Climate scenarios are most effective when selected through consideration of the climate sensitivities of the targeted resources (e.g., soil moisture or heat index may be more relevant to resource sensitivities than just temperature and precipitation; Lawrence and Runyon 2019). Other methods of model selection (e.g., weighting or selecting a subset of projections based on historical model skill, Littell et al. 2011, Terando et al. 2020) could produce somewhat different scenarios and thus adaptation ideas. Although most climate assessments do not develop probabilistic outcomes, such approaches are often employed when relative likelihoods of outcomes across many models are preferred over just the range of impacts. For example, in impacts modeling where complex interactions of future conditions require considering the combined risk and likelihood, decision makers may want more scenarios to better represent the distribution of possible futures (e.g., Pierce et al. 2018).

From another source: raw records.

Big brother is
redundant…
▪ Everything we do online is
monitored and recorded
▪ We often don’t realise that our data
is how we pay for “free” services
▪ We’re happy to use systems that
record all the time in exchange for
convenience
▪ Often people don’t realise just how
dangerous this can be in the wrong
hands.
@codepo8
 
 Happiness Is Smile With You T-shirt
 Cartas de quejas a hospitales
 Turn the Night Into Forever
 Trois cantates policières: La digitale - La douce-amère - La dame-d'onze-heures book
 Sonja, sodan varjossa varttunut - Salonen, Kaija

The Wrangell-St. Elias RSS considered twenty projections of future climate: two emission scenarios projected by each of ten global climate models (GCMs; Figure 2). Each was treated as equally likely; there was no explicit accounting for individual model skill (Runyon et al. in press). Three of those twenty projections were selected (called climate futures, Figure 2) as the climate scenarios for use in considering the range of plausible resource impacts or responses (called climate-resource scenarios; Runyon et al. in press). The selection considered aspects of the climate projections (per season average temperature and precipitation, measures of water deficit, and others) identified as most relevant to RSS priority resources (a subset of which are listed in Table 1). Technical details are in Runyon and others (in press).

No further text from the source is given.